Few things immediately change a room like natural light. Improving natural light does more than just make your home welcoming and cozy. It can also improve the curb appeal of a home.
But what options do homeowners have when the style of your house makes it difficult to add natural light to all of your rooms? Cape Cod style houses, for example, often don’t have a full second story. In other cases, a remodeling job might plan to turn a windowless attic into a new living space.
That’s where dormers are useful. Dormers are small additions often used to bring usable space in a loft and create window options in a roof plane. Dormers are mostly small in total area but can provide additional square footage as one of the central elements of a loft project. While they may not always feature a window, the term "dormer" is usually used to refer to a "dormer window."
Typically (but not always) small, dormers can create those few additional square feet of area you need to make your home exactly how you planned it. Maybe it's a simple doghouse dormer that brings some additional light and a view. Maybe it's a shed dormer that creates extra space for a large bath. Or maybe it's an eyebrow dormer that adds style to your home’s outside while creating additional space internally. Dormers are a great solution for space-challenged areas.
What are the styles?
There are many different variations of dormers. American homes often fall into two common styles, based on the type of roof on which the dormer is being built. While the style of a dormer can often decide what space fits a window, most dormer styles can use any style of window. Here’s a look at the most frequently used dormer styles and the window types ideal for each:
A modest and relatively minor architectural element from the outside, a doghouse dormer (also known as a gabled dormer) can add extra light and space inside a loft area. Common on many styles of houses, the front of a gabled dormer can be identified by a mini-roof that rises to end in a point at the top. It creates the look of a traditional doghouse. Inside the house, a doghouse dormer can create additional functionality, such as a space suited for a built-in seat or storage.
Ideal window type: Due to their unique shape, gabled dormers often require a specialty window or awning window.
Hip Roof Dormer
Found commonly on Craftsman, Shingle and Prairie style houses, hip roof dormers are built with three converging roof sides with a window in the front. While the sloping planes of a hip roof dormer take away some of the space inside the house, this style provides better defense against weather.
Ideal window type: Double-hung windows are often found in hip roof dormers, pairing with the traditional look of the architectural style.

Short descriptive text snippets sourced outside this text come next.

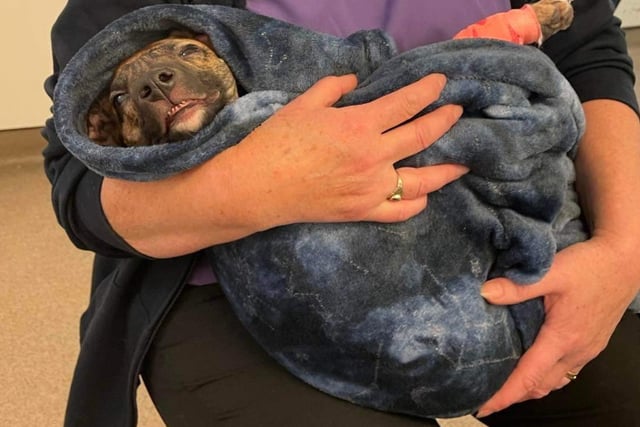 RSPCA reveals ‘heartbreaking’ scale of cruelty to dogs in Surrey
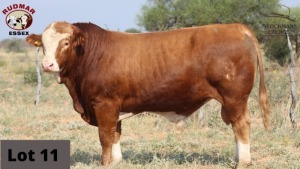 1 x SIMMENTAL BULL RUDMAR ESSEX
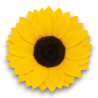 GIRASOLE STABILIZZATO X1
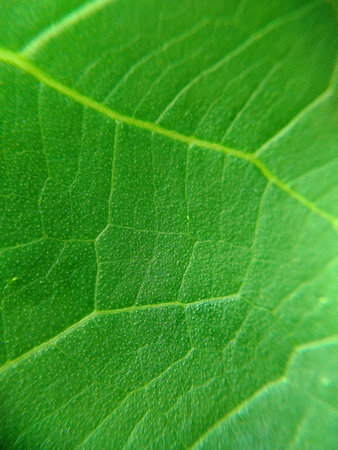 Green leaf macro , Leaves close up background Nature background,abstract textured plants, leaves for decorative, Macro photo , selective focusの写真素材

Depending on the size of the dormer, numerous windows can be placed.
Just as with the doghouse dormer, this style gets its name from having a form similar to a garden shed. With a flat roof that slopes down at slightly less of an angle than the rest of the house’s roof, shed dormers are frequently found on Craftsman and Colonial Revival homes.
Ideal window type: With the width of shed dormers, it’s easy to place numerous windows. Casement and double hung windows are commonly found installed on shed dormers.
Though the shed dormer can bring the most added area in a house, the eyebrow dormer is used mainly for decorative purposes or creating alcove space. The low and wide-shaped dormer has no sides and features a curved roof that gives this dormer its name. Queen Anne and Romanesque design styles commonly use eyebrow dormers.
Ideal window type: Eyebrow dormers can vary from house to house, so the type of window will alter to meet the specific needs. Custom-designed or curved windows are frequently the ideal choices for this kind of dormer.
Dormer additions and dormer windows offer your home more than just curb appeal. If placing dormers to increase space in your house, make sure to consider the same features you would identify for when purchasing other replacement home windows such as energy efficiency and build quality.